In the last two weeks of the year, we see two phenomenon: 1) most of Wall Street takes off and 2) those that do not pay little attention to what is going on.
But someone is always trying to take advantage of someone else's inattention, and I see a couple signs of that happening in two groups: regional banks and commodity stocks, particularly steel and iron ore.
Regional banks are ending 2014 on an up note. For the most part, regional banks have under-performed the S&P 500 and even their larger brethren. No regional bank has performed better than Wells Fargo's 22-percent gain in 2014, or even Bank of America's 16.4-percent gain. Most would be happy to have JPMorgan's 8-percent gain, or even Citigroup's 5.2-percent gain.
The SPDR Regional Banking ETF, a basket of regional bank stocks, is little changed on the year, but has recently been showing signs of life. It is up 3.8 percent in December, well outperforming the S&P 500, which is up less than 1 percent for the month.
Regional Banks in December:
- SunTrust up 8.4%
- Regions Financial up 6.3%
- PNC up 5.7%
- Huntington Bancshares up 5.4%
- KeyCorp up 4.4%
Are they getting pricey? Big regionals like PNC, KeyCorp, and BB&T are trading at roughly 13 times forward earnings—not cheap but also nowhere near overvalued.
What's going on? This seems to be a play on: 1) an improving economy in 2015 (we have already seen signs that commercial and industrial loans are picking up) and 2) a steepening yield curve, which would improve bank profits, though that has not happened yet.
One potential headwind is regulatory scrutiny of M&A. The proposed merger of M&T Bank and Hudson City Bancorp has been delayed again due to regulatory issues. It is now scheduled to close on April 30. If this deal would have been approved this year, regional banks would have likely performed better.
As for commodity stocks, no group has been more beaten up, and I am not just referring to oil stocks.
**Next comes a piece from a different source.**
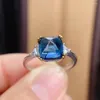 حلقات الكتلة kjjeaxcmy fine Jewelry Natural Blue Topaz 925 Sterling Silver Classic Women Gemstone Ring Test with Box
Steel steel and iron ore stocks are down 20 to 40 percent or more. But in the last few weeks there are again signs of a bottom. The thinking is that the stocks are starting to get attractive even with greatly reduced earnings. Freeport McMoran, for example, is trading at roughly 11 times forward earnings.
Several other stocks in this group have shown signs of life in the past couple weeks. Just this week a small group are outperforming:
If you think the global economy will sink further in 2015, you should certainly stay away from this group. But at least a few are betting that even a bottoming in the global outlook will benefit this group.